Simulating dust monomer collisions: The JKR theory revisited
speaker: Yuki Yoshida
Abstract:
Planet formation proceeds in protoplanetary disks, which are composed of dust and gas. Dust is the material of planetary bodies, and it is considered that the minimum building block of the dust is dust monomers whose size is sub-micrometer. Dust monomers grow by collisional sticking and form dust aggregates. The JKR theory is widely adopted in the numerical simulation of collisions of dust monomers/aggregates. The JKR theory describes the interaction of two spherical bodies of elastic solids. The properties of dust aggregates are important in determining the distribution of the dust and its growth rate, which are related to the planetesimal formation. Laboratory experiments and numerical simulation have been carried out to reveal the growth of dust monomers and aggregates. However, the results of the experiments and the simulations based on the JKR theory are still inconsistent.
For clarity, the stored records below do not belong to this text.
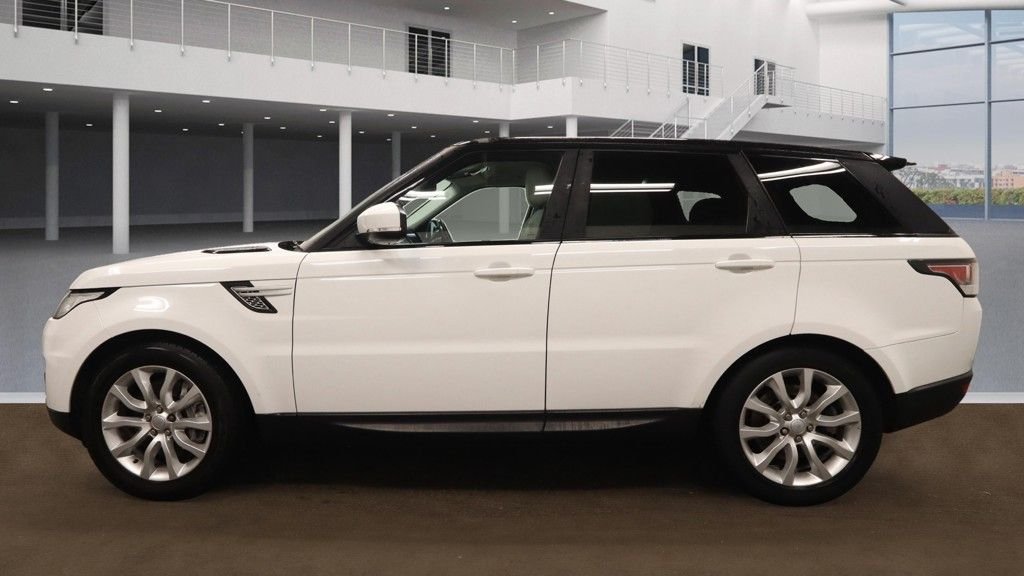 Used Land Rover Range Rover Sport 2015 for sale - 76223900: Photo 6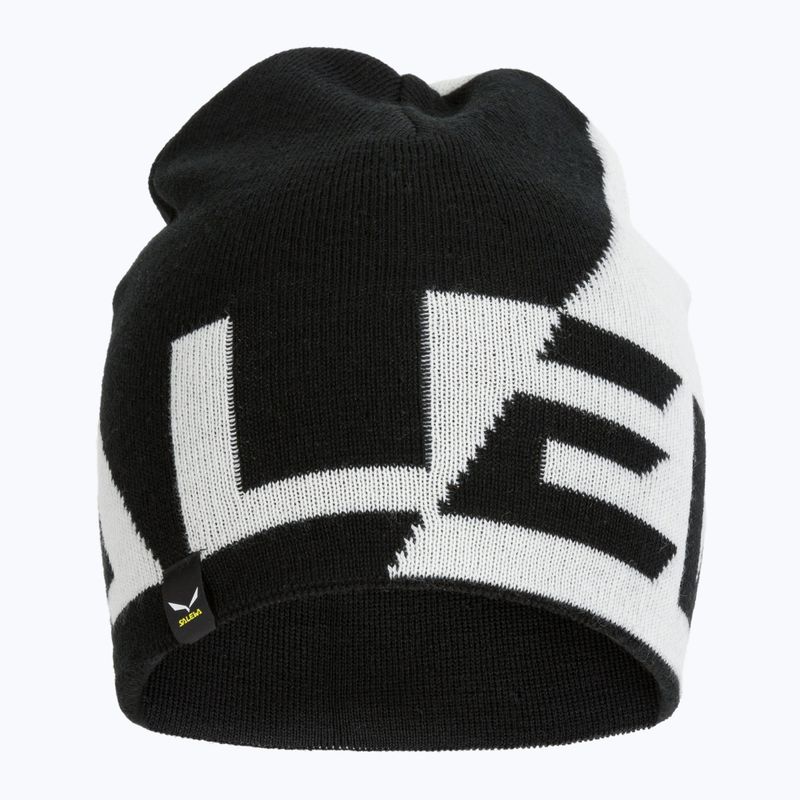Salewa Antelao 2 Reversible cap black and white 00-0000027357 2
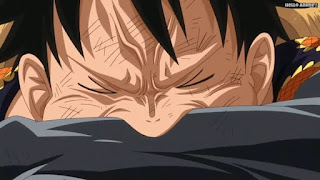 ワンピースアニメ ドレスローザ編 726話 ルフィ ギア4 バウンドマン 初登場 Luffy Gear 4 Bound man | ONE PIECE Episode 726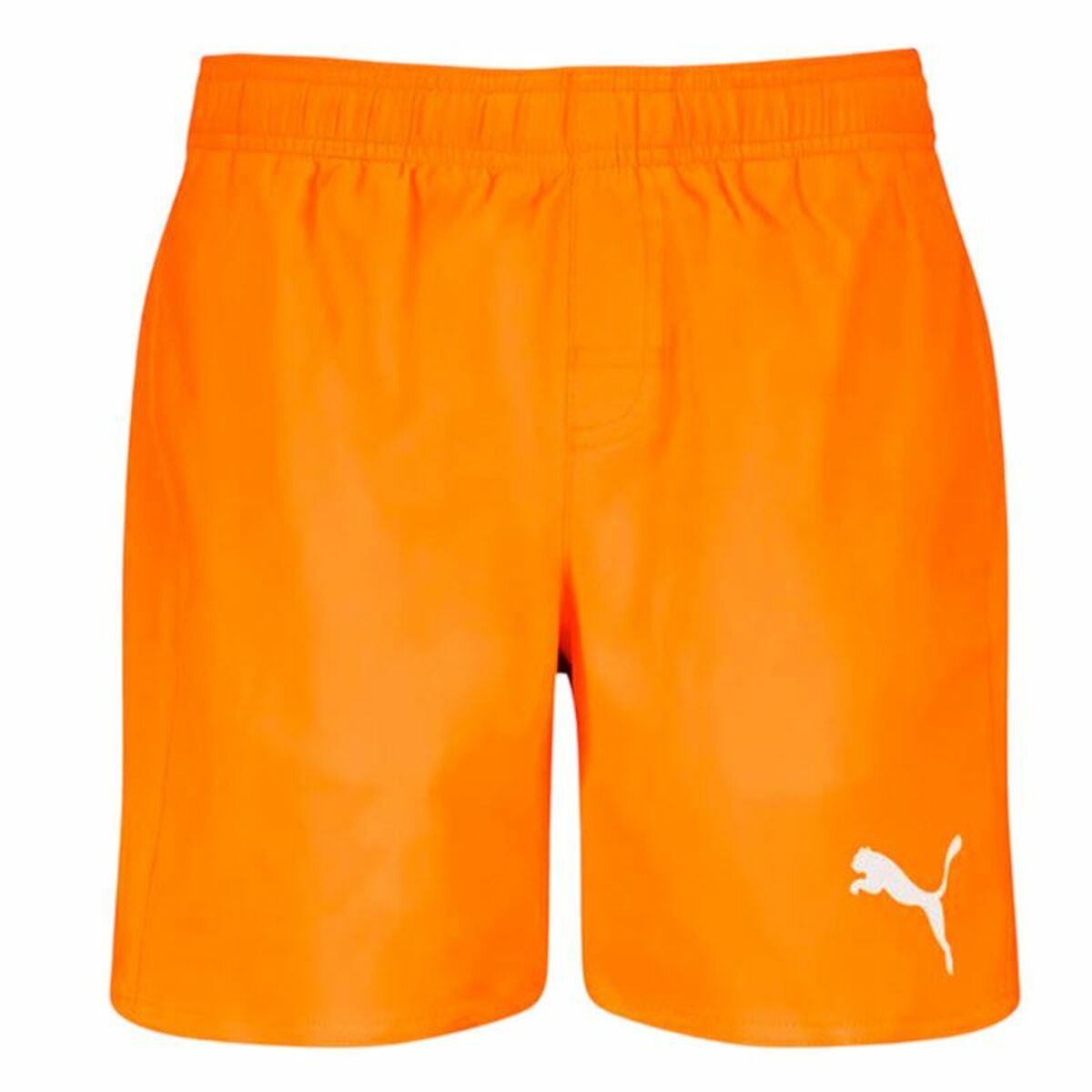 Pantalone Lungo Sportivo Puma Arancio Per bambini Unisex Taglia:Taglia - 7-8 Anni
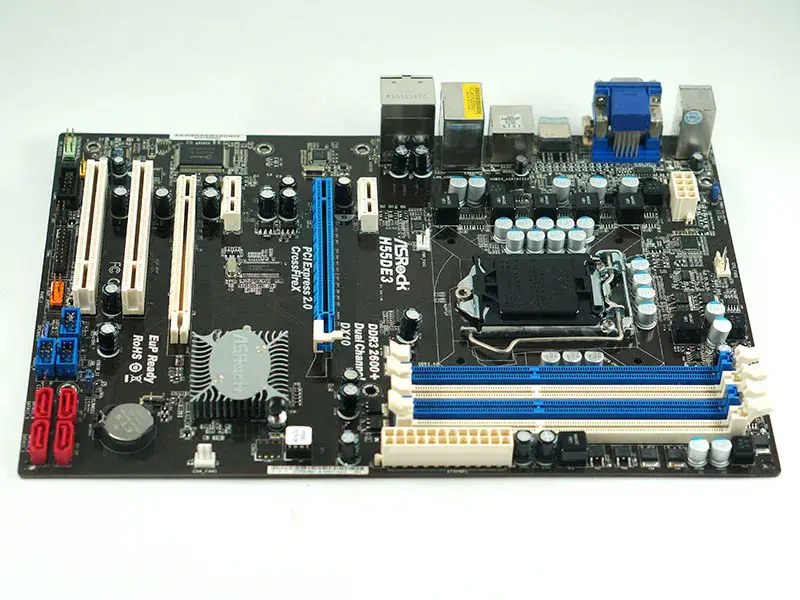 Základní deska Asrock H55DE3 H55 LGA 1156 ATX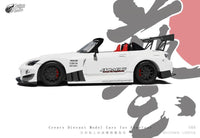 MicroTurbo - Honda S2000 JS Racing - Top CollectiblesDiecastPeako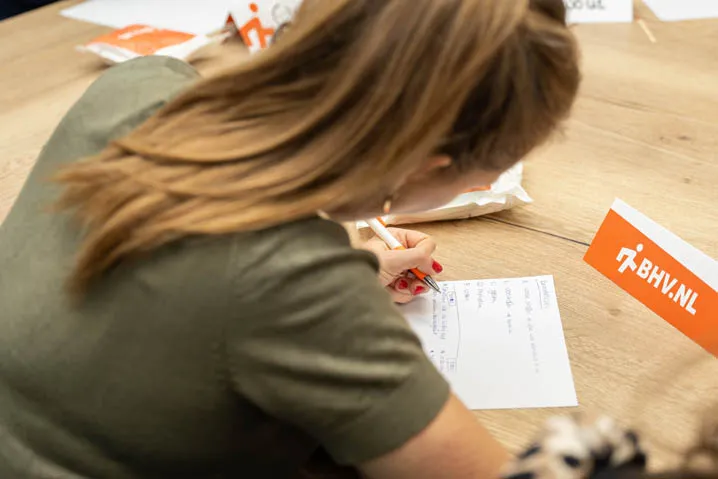 Examen hoofd BHV strategisch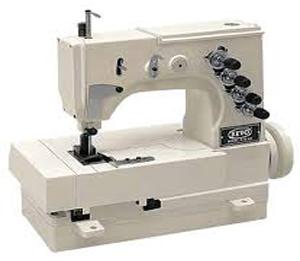Double Needle Chainstitch Sewing Machine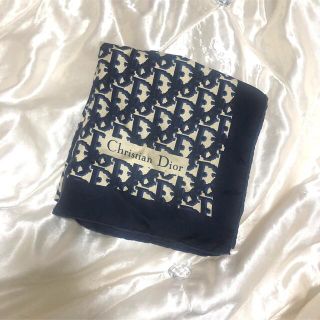 ChristianDior スカーフ　再再値下げ❣️レア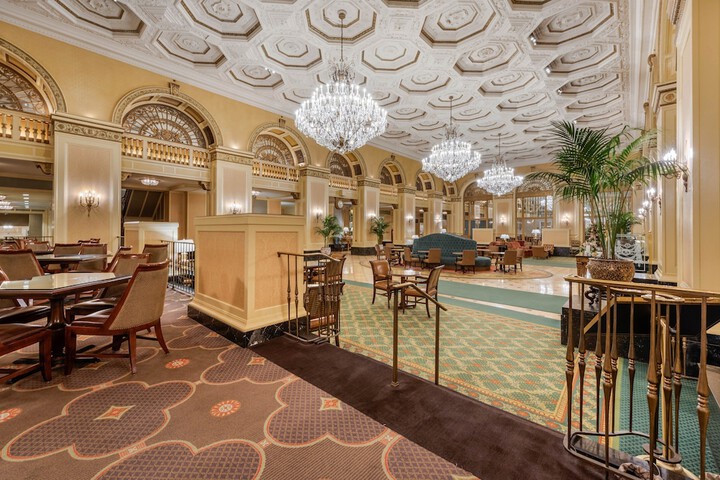 Omni William Penn Hotel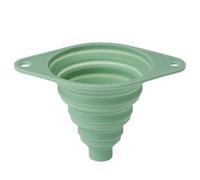 Silicone Funnel - Bottle Funnel | Foldable Filler for Filling Bottles or Containers Family Essenttial for Beer Jam Oil Food Cooking and Water Powder Transfer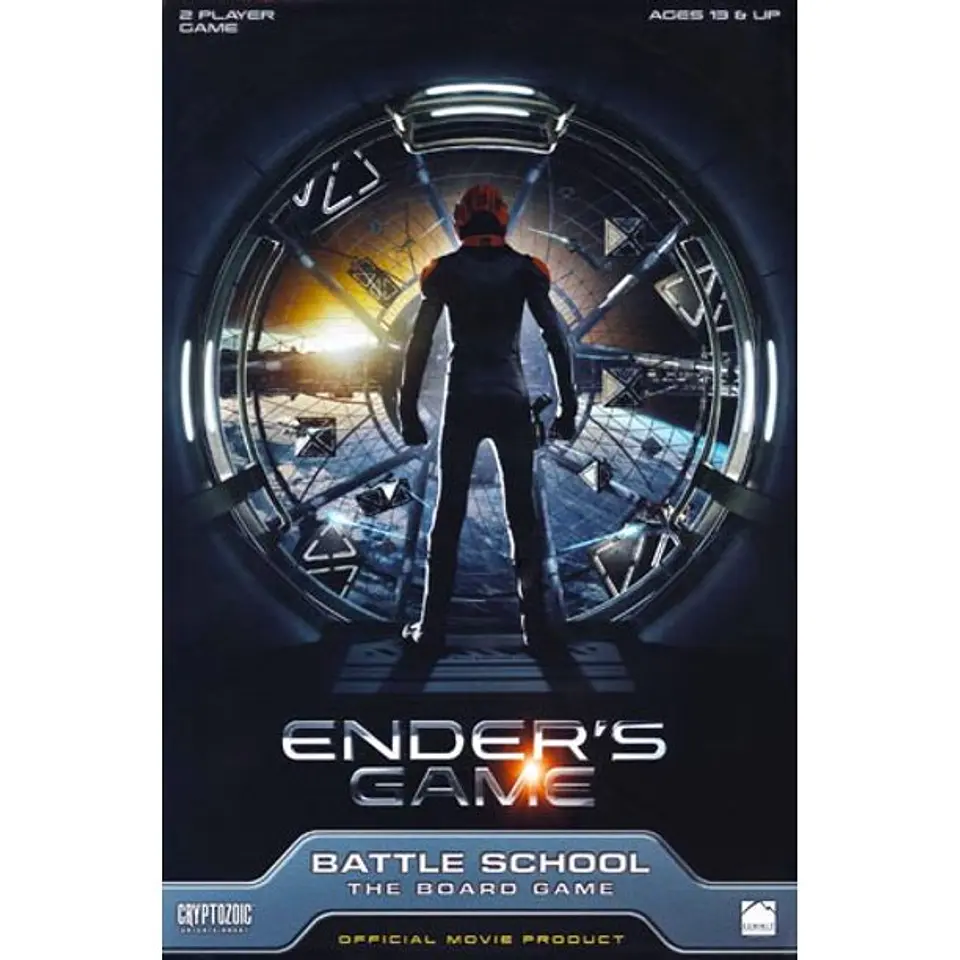 Enders Game - Battle School 1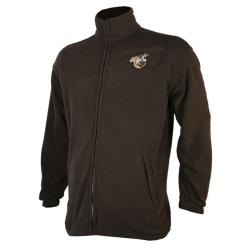 Veste polaire brod&eacute;e sanglier Treeland 2XL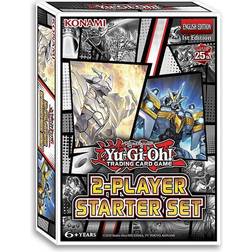 Konami Yu-Gi-Oh! TCG: 2-Player Starter Set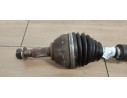 Recambio de transmision delantera izquierda para renault koleos 2.0 dci 150 4x4 fap referencia OEM IAM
For example, the threshold velocity for sticking in the experiment is larger than that with the JKR theory (e.g., Poppe et al. 2020; Gundlach and Blum 2015). Krijt et al. (2013) considered that the energy dissipation due to the viscoelasticity is important, which is not included in the JKR theory. Tanaka et al. (2015) performed the molecular dynamics (MD) simulation of the monomer collisions, and found energy dissipation during monomer collisions, which is not included in the JKR theory. However, Tanaka et al. (2015) considered only the perfect lattice model, and didn’t systematically investigate the monomer collision.
We are preparing a systematic survey of monomer collisions by MD simulations to understand the more realistic monomer interactions. In this talk, we introduce our purpose of this study, and show the results of test simulations following Tanaka et al. (2015).